▸ Task objective: Here the job is to transcribe the data exactly while omitting the images.

▸ Supplied material:
####

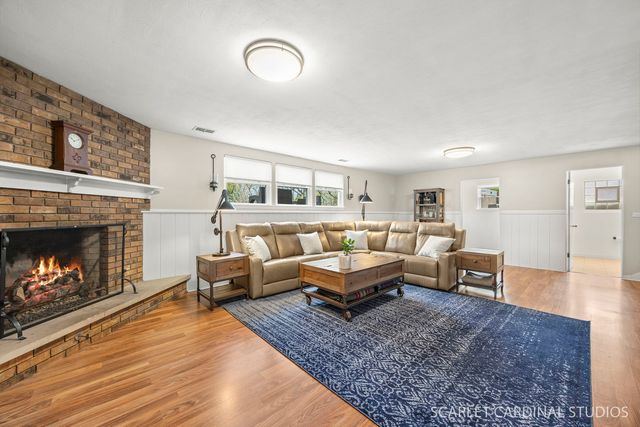 9 Notre Dame Drive, Naperville, IL 60540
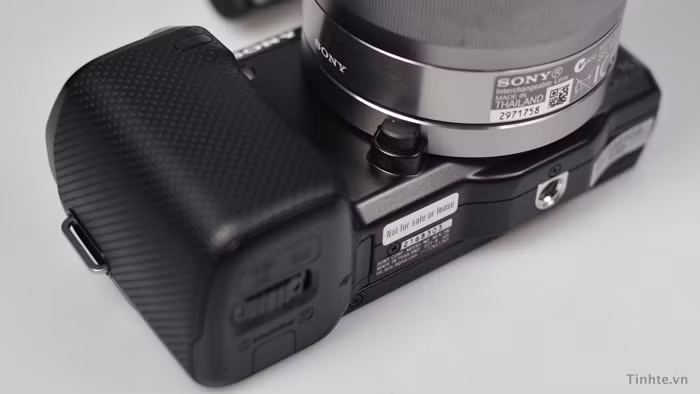 Nút mở ngàm ống kính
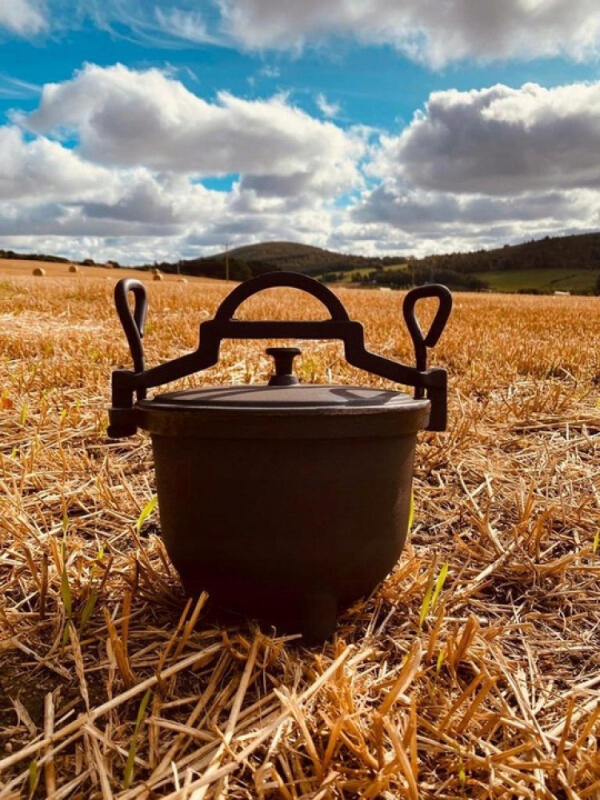 KOCIOŁEK ŻELIWNY GARNEK MYŚLIWSKI WĘGIERSKI 10L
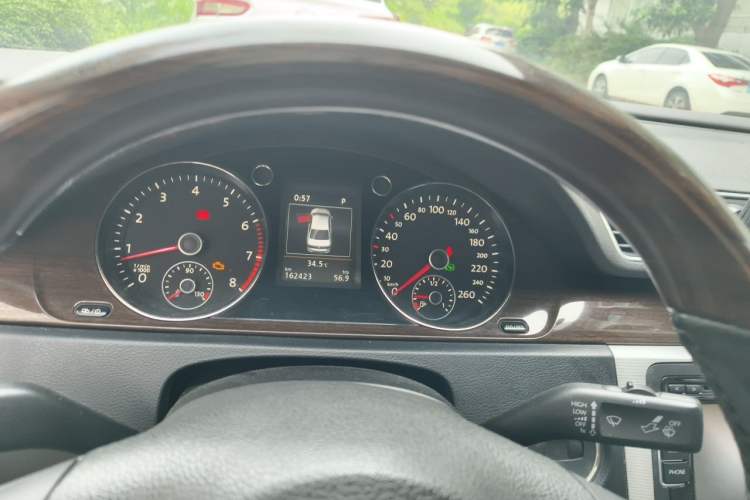 Used Volkswagen Magotan 2013 2.0 TSI Prestige Model Instrument Cluster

####

▸ Exercise response:
 9 Notre Dame Drive, Naperville, IL 60540
 Nút mở ngàm ống kính
 KOCIOŁEK ŻELIWNY GARNEK MYŚLIWSKI WĘGIERSKI 10L
 Used Volkswagen Magotan 2013 2.0 TSI Prestige Model Instrument Cluster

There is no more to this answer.